[Stored data]
################

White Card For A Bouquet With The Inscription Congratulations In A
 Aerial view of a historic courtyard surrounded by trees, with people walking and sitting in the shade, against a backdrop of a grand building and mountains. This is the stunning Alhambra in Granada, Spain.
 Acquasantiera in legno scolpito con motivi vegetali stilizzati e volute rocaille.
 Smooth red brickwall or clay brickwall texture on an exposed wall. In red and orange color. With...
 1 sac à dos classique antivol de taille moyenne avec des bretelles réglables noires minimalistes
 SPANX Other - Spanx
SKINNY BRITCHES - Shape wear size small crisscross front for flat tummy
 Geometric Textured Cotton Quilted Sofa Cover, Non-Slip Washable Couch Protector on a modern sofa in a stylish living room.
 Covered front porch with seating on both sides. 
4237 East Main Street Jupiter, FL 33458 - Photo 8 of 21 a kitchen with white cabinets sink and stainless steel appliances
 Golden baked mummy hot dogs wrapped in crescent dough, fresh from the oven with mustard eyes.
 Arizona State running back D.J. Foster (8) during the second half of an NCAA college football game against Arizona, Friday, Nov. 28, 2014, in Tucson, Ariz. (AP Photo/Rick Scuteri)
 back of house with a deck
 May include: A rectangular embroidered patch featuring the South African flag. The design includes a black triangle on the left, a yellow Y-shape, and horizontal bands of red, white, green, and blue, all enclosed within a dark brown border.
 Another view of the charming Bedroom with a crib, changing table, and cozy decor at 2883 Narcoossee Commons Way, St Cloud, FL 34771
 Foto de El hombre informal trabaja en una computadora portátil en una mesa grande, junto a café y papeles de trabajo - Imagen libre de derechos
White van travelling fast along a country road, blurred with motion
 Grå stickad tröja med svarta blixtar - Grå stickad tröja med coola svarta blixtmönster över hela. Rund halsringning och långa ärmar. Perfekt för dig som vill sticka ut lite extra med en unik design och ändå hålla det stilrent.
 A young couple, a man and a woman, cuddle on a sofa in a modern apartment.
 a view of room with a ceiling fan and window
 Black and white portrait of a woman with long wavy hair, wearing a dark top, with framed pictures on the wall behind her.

################

» **Problem statement**
Retype exactly, and only, the lines above from the one where "1 sac à dos" occurs up to and including the one where "SKINNY BRITCHES - Shape" occurs.

» **Exercise solution**
 1 sac à dos classique antivol de taille moyenne avec des bretelles réglables noires minimalistes
 SPANX Other - Spanx
SKINNY BRITCHES - Shape wear size small crisscross front for flat tummy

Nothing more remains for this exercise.